Perhaps property owners should just hand over their wallets. They might as well if they’re going to be liable for injuries suffered by every child trespasser who takes a tumble in an empty field.

On Jan. 21, the Rhode Island Supreme Court opened up the pockets of landowners by reviving the personal injury suit of a boy who was hurt playing football in a grass-covered vacant lot in Pawtucket.

The field is owned by National Grid, a public utility. On the afternoon of Oct. 4, 2006, 12-year-old Austin Hill and his pals chose the site to play a game of touch football.

During play, Austin tripped over a concealed metal pole that protruded from the ground. The boy fell onto a second metal pole hidden in the grass, severely lacerating his thigh. The wound was so serious that Austin needed to be taken to the emergency room, where he was stitched up.

Austin has permanent scars from the accident but, knowing kids, it’s a good bet that he uses his wounds to thrill and amaze his buddies.

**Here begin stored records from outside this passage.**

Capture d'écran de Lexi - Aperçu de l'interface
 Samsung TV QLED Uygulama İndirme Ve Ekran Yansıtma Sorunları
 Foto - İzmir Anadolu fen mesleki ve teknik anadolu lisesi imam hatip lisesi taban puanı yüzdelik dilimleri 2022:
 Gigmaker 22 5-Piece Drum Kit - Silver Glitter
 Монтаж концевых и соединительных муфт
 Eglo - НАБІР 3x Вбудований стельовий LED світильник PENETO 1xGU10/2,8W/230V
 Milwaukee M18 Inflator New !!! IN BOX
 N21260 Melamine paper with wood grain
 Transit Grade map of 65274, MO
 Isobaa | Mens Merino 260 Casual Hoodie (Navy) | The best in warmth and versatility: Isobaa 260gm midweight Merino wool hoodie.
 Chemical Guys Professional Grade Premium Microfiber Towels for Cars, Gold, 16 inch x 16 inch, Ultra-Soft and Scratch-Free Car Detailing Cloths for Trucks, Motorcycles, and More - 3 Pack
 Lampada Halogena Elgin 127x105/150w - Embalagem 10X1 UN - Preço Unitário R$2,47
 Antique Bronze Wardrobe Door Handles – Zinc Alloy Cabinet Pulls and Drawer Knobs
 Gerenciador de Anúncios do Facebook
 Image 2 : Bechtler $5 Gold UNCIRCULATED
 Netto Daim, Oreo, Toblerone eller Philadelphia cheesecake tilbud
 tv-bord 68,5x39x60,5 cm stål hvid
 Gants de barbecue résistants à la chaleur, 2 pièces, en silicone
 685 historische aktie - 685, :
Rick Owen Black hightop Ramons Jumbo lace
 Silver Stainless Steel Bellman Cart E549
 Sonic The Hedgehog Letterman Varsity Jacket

Austin’s parents, Harry and Rebecca Hill, aren’t so sanguine about what happened, however. Rather than chalking Austin’s injuries up to the normal bumps and bruises of life, the parents want to hold National Grid liable.

According to the parents’ lawsuit, the vacant lot is an “attractive nuisance.” A favorite of law students everywhere, the attractive nuisance doctrine imposes a duty of care on landowners to trespassing children under certain circumstance.

Normally the doctrine applies to things like open mineshafts, not empty fields. Of course, National Grid’s vacant lot was not “empty” in the strictest sense, because there were those two protruding pipes hidden in the grass.

But c’mon, what piece of ground in the inhabited portions of these United States doesn’t have some sort of defect caused by human activity?

Surely, the Hills’ lawsuit didn’t stand a snowball’s chance in hell, right?

Not so, premises liability breath. Last week, the Rhode Island Supremes reversed a summary judgment granted in favor of National Grid.

The curious thing about the decision is that National Grid may find itself liable by virtue of the fact that it acted as a responsible property owner.

The evidence showed that the company’s lot was in the midst of a residential area. Accordingly, the company adopted a policy for employees to call police when they observed trespassing children.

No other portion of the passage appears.